Daniel Ives, a Wall Street analyst at Wedbush Securities, told clients recently: ‘We believe that Tesla’s stock likely has room to run further.’
Yet both Goldman Sachs and Morgan Stanley downgraded it just days later, based on recent price cuts for its cars, concerns the stock is overpriced and the threat of competition from tech giants such as Amazon.
Tesla also remains a favourite target for short sellers, who have long claimed it will crash back down to earth.
Toyota makes more than 10million cars per year, while Tesla hasn’t cracked 400,000 yet, but investors have chased its share price up to make the US electric car firm more valuable
But that has not turned off Tesla and Musk’s supporters, who range from British fund giant Scottish Mortgage Trust to the army of small shareholders investing through retail trading platforms.
The transformation has also handed Musk a huge paper profit. The 49-year-old, who owns an 18.4 per cent stake, has seen his fortune increase from £16.5billion to an estimated £41.5billion since June 2019.
He has been portrayed as both Tesla’s greatest asset and its major weakness, with his use of social network Twitter getting him into hot water.
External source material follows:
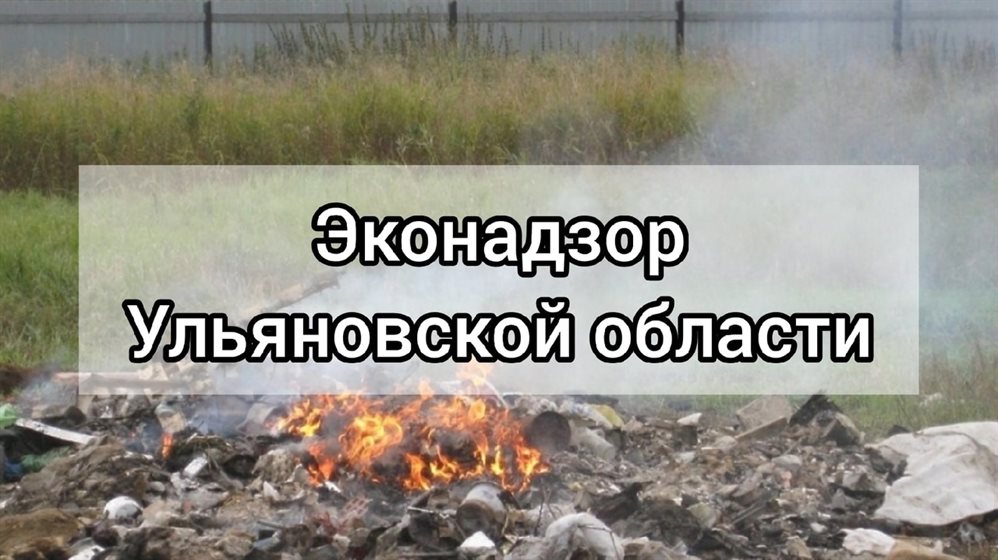 Жителя Барыша наказали за сжигание отходов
Musk was forced by regulators to give up the position of chairman after a tweet in 2018, claiming that he had ‘funding secured’ for a bid to take the company private, sent shares soaring.
Supporters point to Musk’s defiance of critics, who have repeatedly claimed that Tesla was just a few years from bankruptcy over the past decade.
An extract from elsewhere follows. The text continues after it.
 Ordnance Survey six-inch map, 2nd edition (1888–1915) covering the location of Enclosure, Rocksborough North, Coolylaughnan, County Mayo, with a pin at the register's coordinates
Thirteen months ago the shares were scraping lows of $177 as it struggled to ramp up production of its Model 3 cars to 100,000 per quarter.
That was after a 2018 Musk referred to as the ‘most difficult and painful year of my career’.
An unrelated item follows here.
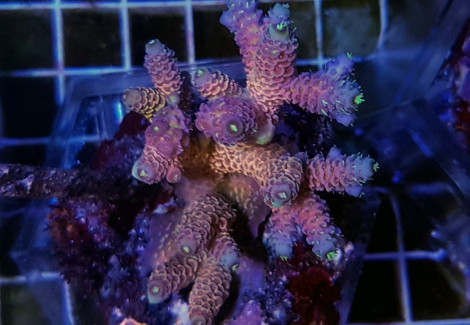 Acropora Spp. (Maricultured Indonesia) Ultra Grade Ml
But Tesla bounced back. The Model 3 problems were ironed out and a Shanghai factory was built in record time to cater for Chinese buyers, boosting sales in a crucial market.
And Tesla started to turn quarterly profits again, stunning analysts who just months before watched it burning through billions of dollars.
Since June 2019, the stock has now rallied more than 510 per cent higher to more than $1,100, meaning that someone who invested £1,000 would now be sitting on around £6,000.
Russ Mould, investment director at AJ Bell, said: ‘Risk-tolerant investors will embrace the shares, risk-averse ones will shun them.’
He said that buyers needed to consider its prospects over ‘the next 10, 20 years or more’.
‘Over that time, the electrification of transport could come into its own and Tesla might just be in the vanguard of that.
‘To keep the stock going in the near term, Musk and his team need to drive volumes for the Model 3, Model Y SUV and its Cybertruck, and to start generating cash on a sustainable basis.’
But he warned that if rivals muscle in then the stock could prove costly for investors.
Norihiro Fujito, strategist at Mitsubishi UFJ Morgan Stanley Securities, said: ‘There isn’t a single person who thinks that simply because Tesla’s market cap has come close to Toyota, that Tesla is a company that is on par with Toyota.
‘However, if you look ten years down the road and factor in extreme expectations, $1,000 a share may be appropriate.’
Quint Tatro, president of Joule Financial, told CNBC: ‘Tesla just has this wonderful history of proving every single person wrong, so it’s very tough to bet against this company, the stock or Elon Musk. It is a play based on your belief in him as a visionary and as an entrepreneur.’